しかし、1年生わくわくぶんこのように、自分たちのためにある限られた本のなかからであれば、お気に入りの一冊を見つけ出せる子もいます。
国語科の図書の時間に「一冊も本を選べなかった……」と肩を落とすことも、読書離れの原因のひとつです。だからまずは、限られた本のなかから自分で本を選び、それを読んで「次の本を借りたい」と思ってもらえるといいなと思います。
──「1年生わくわくぶんこ」の設置場所を学校図書館にした理由を教えてください
山名──
先ほども話したように、小学1年生にとって学校図書館って慣れない場所だと思うんです。
だからこそ「1年生わくわくぶんこ」は、わざわざ学校図書館に通う理由のひとつにもなるんですよね。1年生わくわくぶんこをたくさん読んだ子は、やっぱり2年生以降も学校図書館に通いますし、読書量も圧倒的に多いんですよ。
片岡──
図書館って、ジャンルごとに本が配架されていますよね。「コーナーごとに蔵書を読書しました!」なんて子どももいるんですよ。

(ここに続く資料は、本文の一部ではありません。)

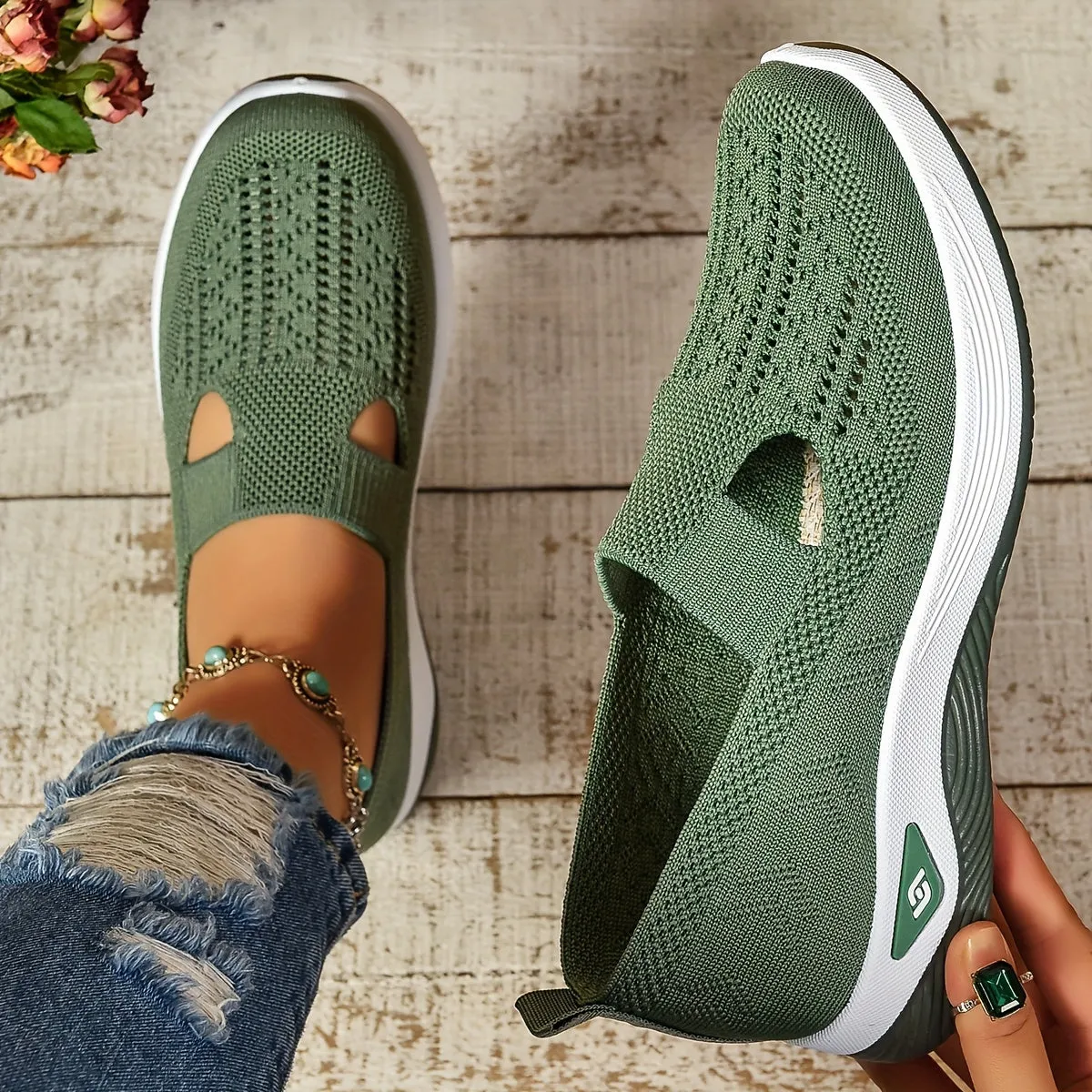 Stylish and supportive orthopedic summer Loafers
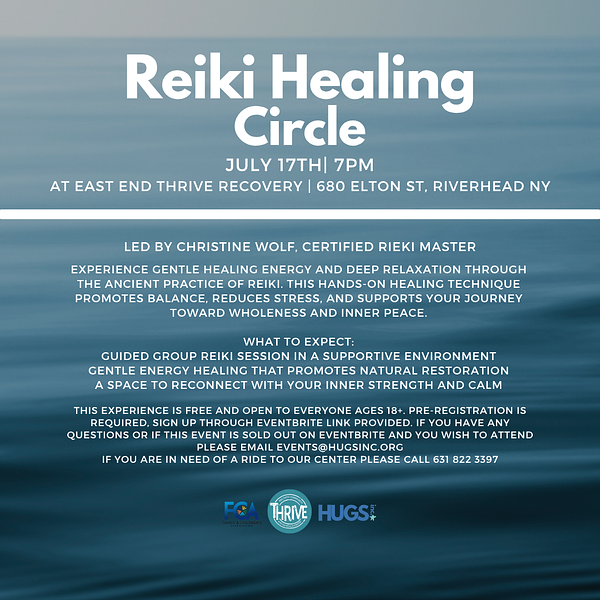 Reiki Healing Circle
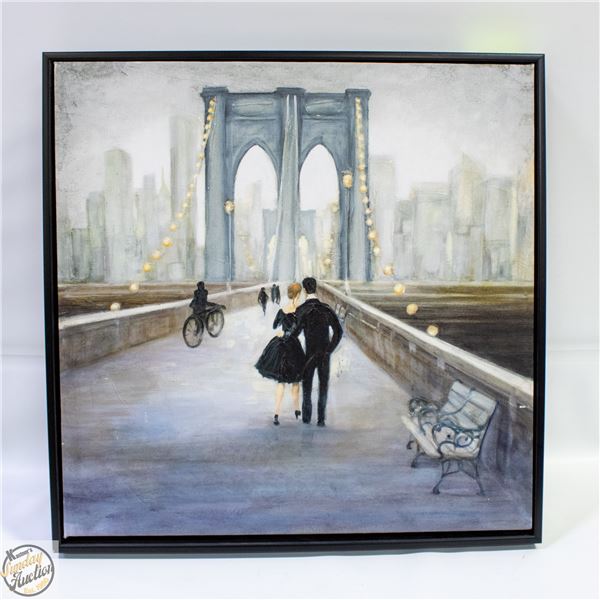 2 FOOT BY 2 FOOT SCENE WITH A COUPLE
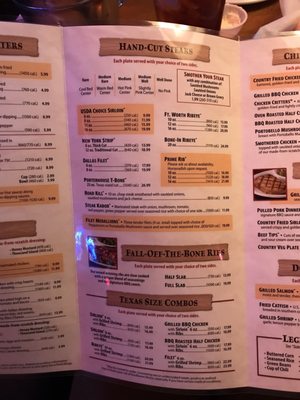 Menu photo 6 Texas Roadhouse San Marcos, TX Menu photo 6 Texas Roadhouse San Marcos, TX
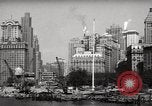Image of New York Harbor New York City USA, 1948, second 12 stock footage video 65675078222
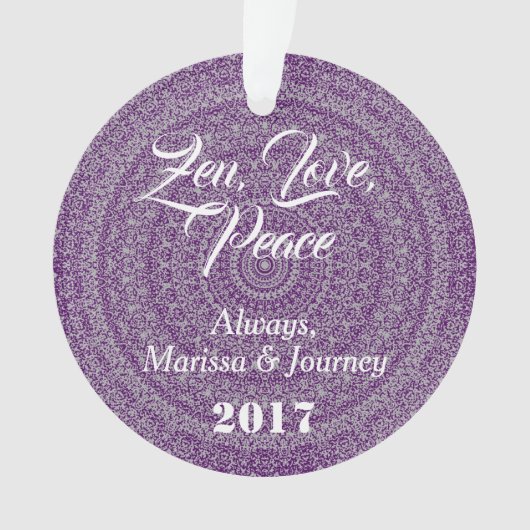 HAMbWG – フォトマンダラテーマオーナメント オーナメント (正面)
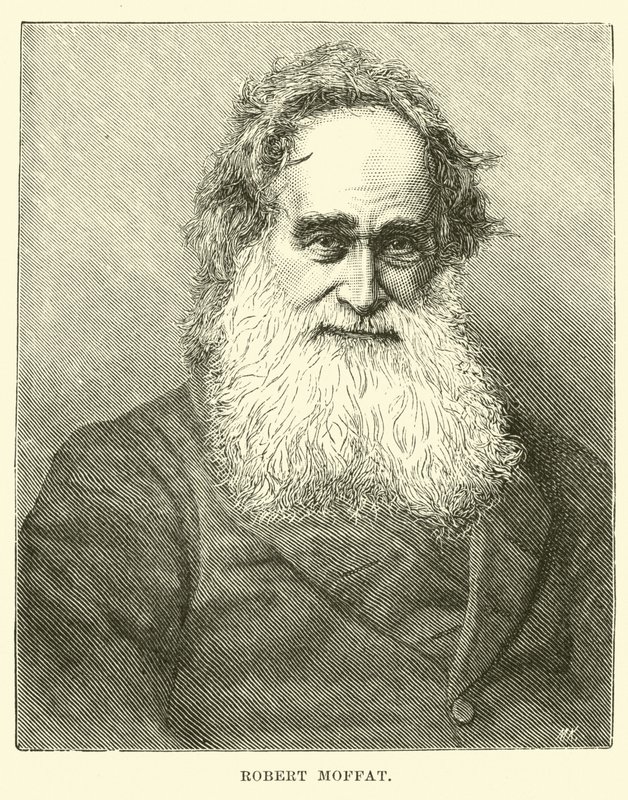 Robert Moffat alkotó: English School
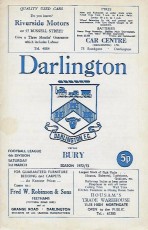 Darlington v Bury
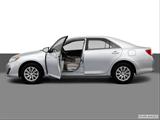  Driver's side profile with drivers side door open photo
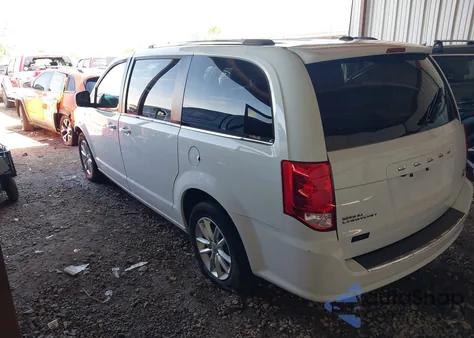 2019 Dodge Grand Caravan Sxt из США, поврежденный, VIN 2C4RDGCG7KR677214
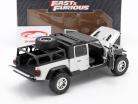 Jeep Gladiator år 2020 Fast &amp; Furious 9 (2021) sølv 1:24 Jada Toys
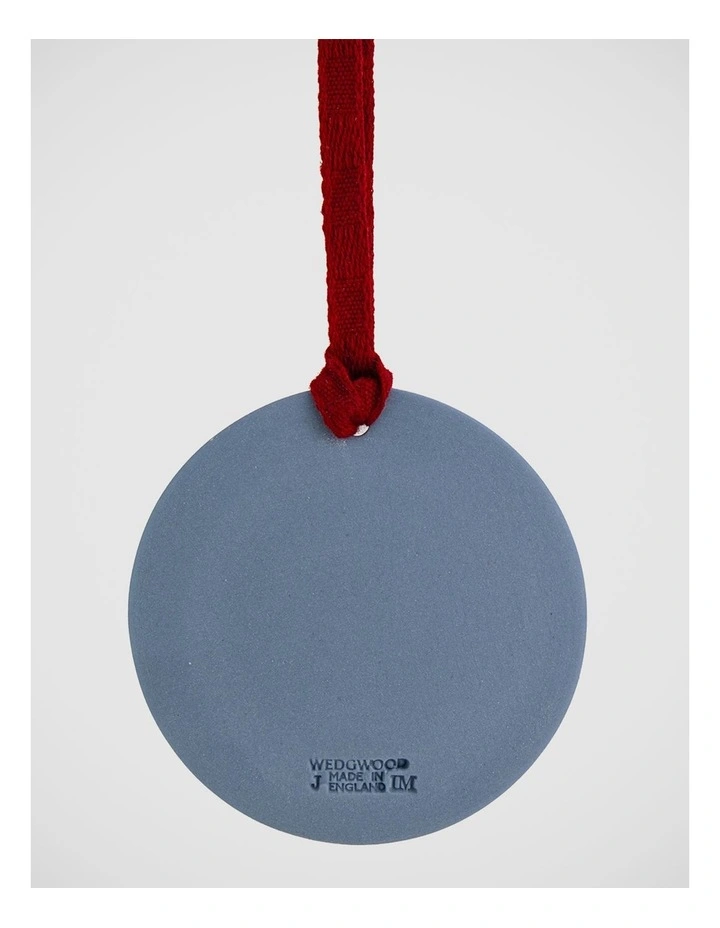 Festive Tree Ornament Blue / White image 3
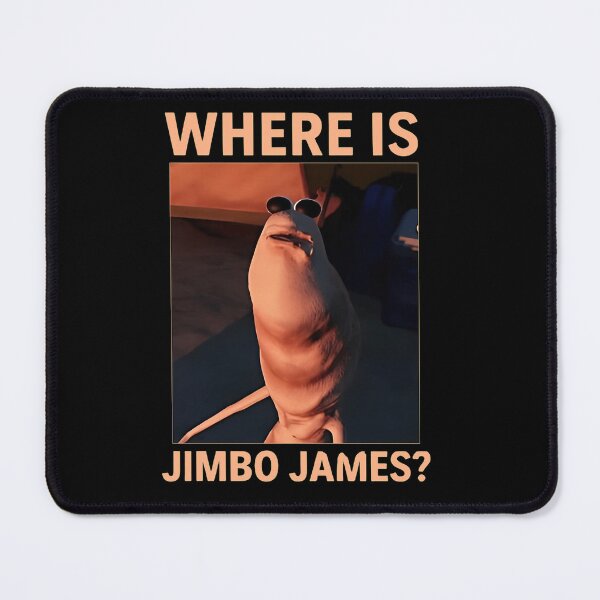 Item preview, Marcus The Worm Where Is Jimbo James Trending designed and sold by WizKyDesign.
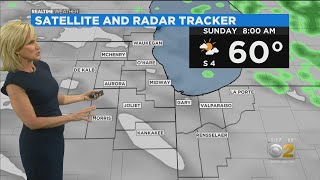 Chicago Weather: Some Showers For Saturday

また、小学校において学校図書館と保健室の二か所は、用事があってもなくても訪れて本音で語れる場だと思うんです。学校図書館司書の先生に、お悩み相談をした経験のある人もいるのではないでしょうか。実際、保健室登校とか図書室登校が、支えになっている子どももいますよ。
子どもたちには、心の拠り所になるような居場所を一つでも多くもってもらいたいし、そのひとつに学校図書館があってくれたらうれしいです。
──「1年生わくわくぶんこ」をやってきて、印象に残っているエピソードはありますか
片岡──
上級生が下級生に、本を紹介してあげたエピソードがあります。
山名──
1年生わくわくぶんこは当初25冊からスタートしたんですけど、毎年新しい蔵書を追加しているので、今はもう100冊以上あるんです。
すると、その100冊から選ぶことが難しい子もいるんですよね。
でも、7年間やっている取り組みなので、現在小学校に在籍している子はみんな1年生わくわくぶんこの経験者なんです。だから、困っている1年生のそばに上級生が寄り添って「この本を読んでごらん」と一緒に選んであげているようすがあると学校から聞きました。
片岡──
学校図書館って、学校で唯一いろいろな学年が普通に行き交う場所だと思うんです。
運動量とかも関係ないですしね。だから、憧れのお姉さんが読んでいる本を見て「私もいつか読んでみたい」と憧れの思いなども育める場所だと思っていて。実際に「この本を読みたいから頑張る!」と勉強を頑張る子もいるそうです。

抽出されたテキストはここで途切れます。